I think the _adagietto_ of the 5th is often one's first exposure to Mahler's music. It is breathtaking in its own right.

Generally speaking, for the symphonies I think that it is preferable to start with the purely orchestral works. I would actually recommend the 1st, a work of great expressiveness, intimacy but power too, I feel.

I think there are others here, however, far more qualified than I am to guide you on this.


----------



## Kieran (Aug 24, 2010)

Allow an avowed ignoramus to help you!

I began with Mahler's Fifth in earnest, accompanied by Mahlerian's blog posts. I grew to really like the fifth, the more I listen to it, but you know what? I think I might already prefer _Das Lied von der Erde_. It's less cryptic, sounds more traditional to me, and it might be easier to help you get into him, as they say...


----------



## Weston (Jul 11, 2008)

I've tried starting from the begining with the 1st. While I've had all the Mahler symphonies in my collection for some, the 1st is the only one I've listened to in earnest. It has its awsome moments, but I think I'm put off a little by the bar room music in one of its movements. So maybe the 1st is not the best way to start. It hasn't discouraged me from the rest of the works or further listens though. I just need to set aside time when I will be attentive and not fall asleep.

The 2nd is next on my agenda. In the US, we have a long holiday weekend coming up. Maybe I'll find the time then.


----------



## GGluek (Dec 11, 2011)

There is no correct answer. His works are so different from each other that one man's meat is another man's poison. Just pick a work at random, listen to it, and see if any of it gets to you (there is wide variation within given works also). Then try another. And another. I would not give up until I had sampled at least four.


----------



## ptr (Jan 22, 2013)

I second AR's recommendations for *Das Lied von der Erde*! Or if You would like something slightly less emotionally charged *Kindertotenlieder*, if You insist on a Symphony, I maybe agree with Mr Moody about starting from the f*irst* even if perhaps the *fifth* might be the most accessible, especially if You have an Online Service like Spotify or like to use Youtube! (the Tube is littered with Mahler clips!)

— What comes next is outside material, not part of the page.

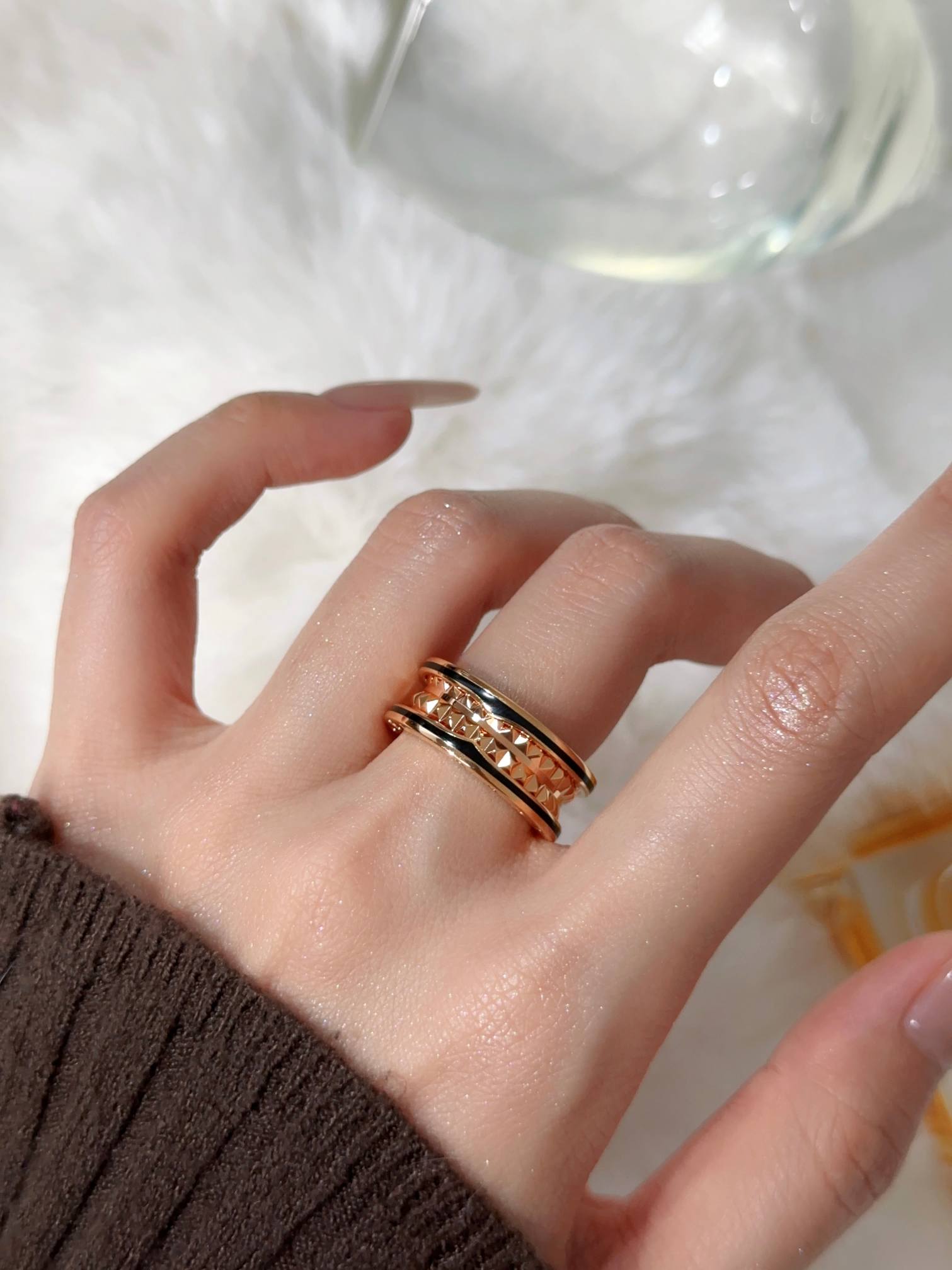 BV Pagoda Black Paint ROCK Ring（narrow version）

As for recordings, I can't help myself recommending Kathleen Ferrier in Both DLvdE and Kindertotenlieder (On Decca And EMI, She recorded the latter twice), a second DLvdE recomendation is Klemperer's recording with Christa Ludwig and Fritz Wunderlich on EMI, slightly more relaxed but sill emotionally tearing. An alternative Kindertotenlieder is Annsofie von Otter with Boulez on DG!
As for the Symphonies; Horenstein (First on Unicorn) or Barbirolli (Fifth on EMI) would be my choices, but they might be slightly idiosyncratic for some, Bruno Walter (Sony) for either might be a safer bet.

/ptr


----------



## Kopachris (May 31, 2010)

I started with the sixth, personally, though I think the first is a better place to start. However, if you start with the symphonies, as I have, you may find yourself neglecting the lieder later on.


----------



## Manxfeeder (Oct 19, 2010)

Kieran said:


> I began with Mahler's Fifth in earnest, accompanied by Mahlerian's blog posts.


Thanks for the heads-up. I wasn't aware of those.

I got into Mahler with David Hurwitz's The Mahler Symphonies, An Owner's Manual. This guy loves Mahler, and he gives a blow-by-blow description of what themes are occurring and what to be paying attention to. He also points out what motifs occur consistently throughout all the symphonies, like the "aspiration theme." There is even a table at the end which lists which symphonies' movements have marches and dances, another for "screams, crashes and thuds," another for the aspiration theme.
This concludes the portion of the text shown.